This track contained several interesting talks that are summarized below, but not published in the ParCo Proceedings.
However, copies of the slides from several of these presentations
can be found on the web at this site:
http://www.idi.ntnu.no/~elster/eurogpu09
and eventually also at
http://www.eurogpu.org/eurogpu09
OpenCL, a new standard for GPU programming
(PDF of slides)
by Francois Bodin(Caps Enterprice) generated a lot of interest.
His presentation gave an overview of OpenCL for programming
Graphics Processing Units (GPUs). OpenCL is an initiative launched
by Apple to ensure application portability across various types of GPUs.
It aims at being an open standard (royalty free and vendor neutral)
developed by the Khronos OpenCL working group
(http://www.khronos.org).\
OpenCL which is based on the ISO C99,
shares many features with CUDA and exposes data and task parallelism.
Parallel Hybrid Computing
(PDF of slides)
by Stephane Bihan (Caps Entreprise, Rennes) presented HMPP, a Heterogeneous Multicore Parallel Programming workbench with compilers, developed by CAPS entreprise, that allows the integration of heterogeneous hardware accelerators in a non-intrusive manner while preserving legacy codes.
Efficient Use of Hybrid Computing Clusters for Nanosciences
(PDF of slides)
by Lugi Genovese (ESFR, Grenoble), Matthieu Ospici (BULL, UJF/LIG, CEA, Grenoble), Jean Francois Mehaut (UJF/INRIA, Grenoble), and Thierry Deutsch (CEA, Grenoble) included their study of the programming and the utilization of hybrid clusters in the field of computational physics. These massively parallel computers are composed of a fast network (Infiniband) connecting classical nodes with multicore Intel processors and accelerators. In our case, the accelerators used are GPUs from NVIDIA. They first analyzed some ways to use with efficiency CPUs cores and GPUs together in a code (BiGDFT, http://inac.cea.fr/L_Sim/BigDFT\
) without hotspot routines. Starting from this analysis, they have designed a new library: S_GPU, used to share GPUs between the CPU cores of a node. The implementation and the usage of S_GPU was described. They then evaluated and compared performances between S_GPU and others approaches to share GPUs with CPUs. This performance evaluation was based on BigDFT, an ab-initio simulation software designed to take advantage of massively hybrid parallel clusters as the Titane cluster (CCRT). Their experiments was performed on both one hybrid node as well as on a large number of nodes of their hybrid cluster.

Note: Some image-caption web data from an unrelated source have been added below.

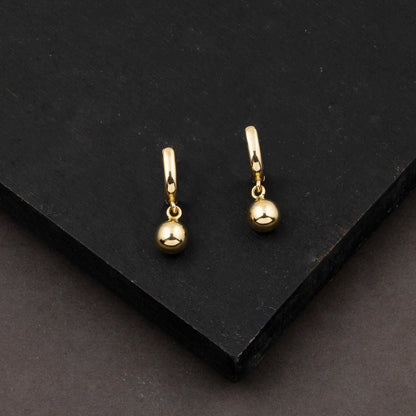 14K Yellow Gold Bead Dangle Earrings (2.37 g)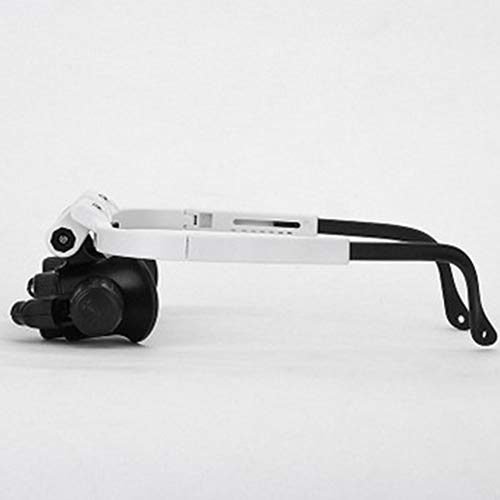 YMN Lupas Casco Tipo Lupa con LED Doble lámpara Ojo de reparación del Reloj del joyero para la reparación del Reloj del joyero del Reloj YMN Lupas Casco Tipo Lupa con LED Doble lámpara Ojo de reparación del Reloj del joyero para la reparación del Reloj del joyero del Reloj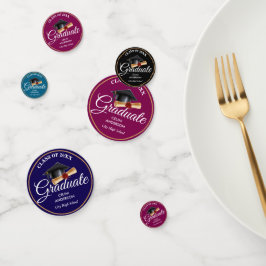 エレガント金ゴールド・ブラック&ネイビー卒業党サプライズ コンフェッティ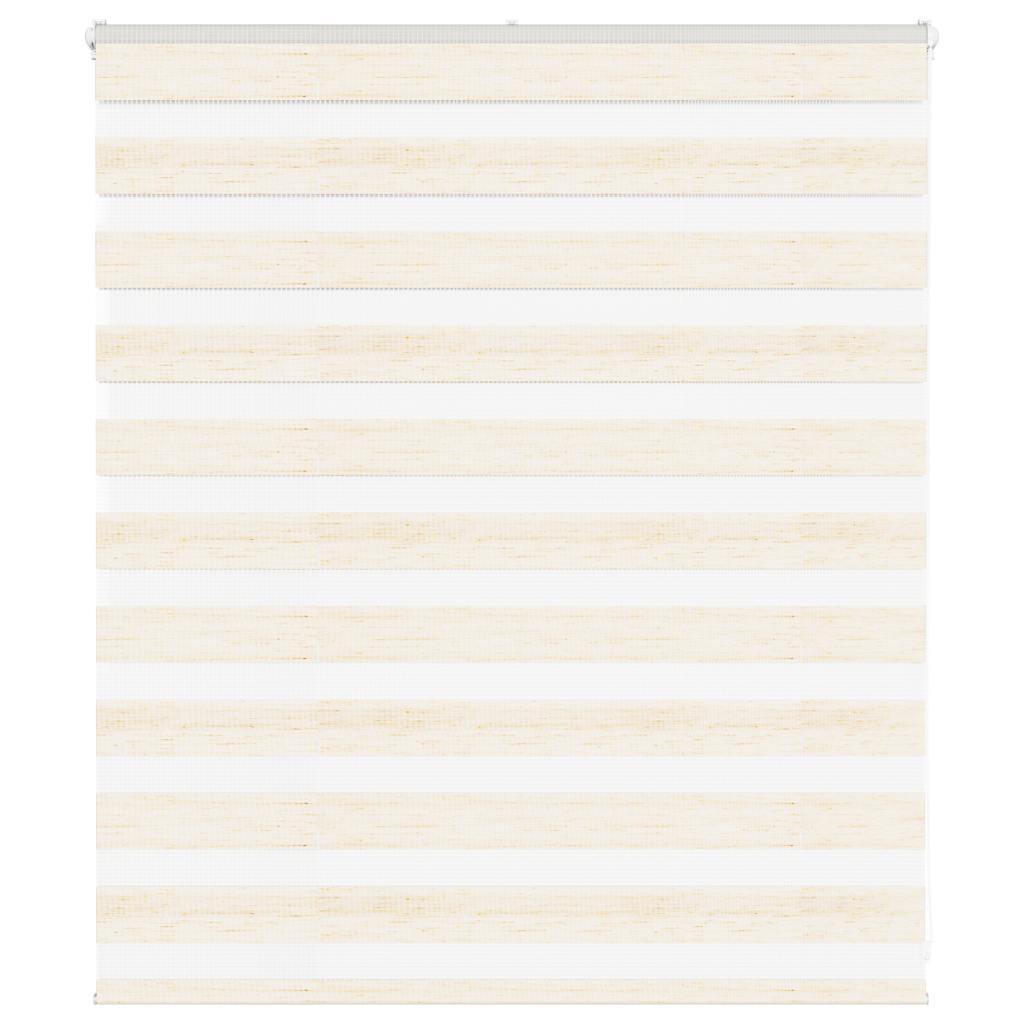 vidaXL Jaluzea tip zebra 135x100 cm lățime țesătură 130,9 cm poliester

Cosmological Reionisation Powered by Multi-GPUs
(PDF of slides)
by Dominique Aubert (Universite de Strasbourg and Romain Teyssieer(CEA) took the simulated distribution of gas and stars in the early Universe and modelled the propagation of ionising radiation and its effect on the gas. This modeling will help to understand the radio observations in a near future and the impact of this first stellar light on the formation of galaxies. Their code explicitely solves a set of conservative equations on a fixed grid in a similar manner to hydrodynamics and it follows the evolution of a fluid made of photons. However due to typical velocities close to the speed of light, the stringent CFL condition implies that a very large number of timesteps must be computed, making the code intrinsically slow. However, they ported it to a GPU architecture using CUDA which accelerating their code by a factor close to 80. Furthermore, by using an MPI layer, they also expanded it to a multi-GPU version. CUDATON is currently running on 128 GPUs installed on the new CCRT calculator of the French atomic agency (CEA). The code is able to perform 60 000 timesteps on a 10243 grid in 2.5 hours (elapsed). For comparison, the largest calculation made so far on the same topic involved a 4003 grid and required 11 000 cores to be run. Such a boost in the performance demonstrates the relevance of multi-gpu calculations for computational cosmology. It also opens bright perspectives for a systematic exploration of the impact of the physical ingredients on high resolution simulations since the these calculations are extremely fast to complete.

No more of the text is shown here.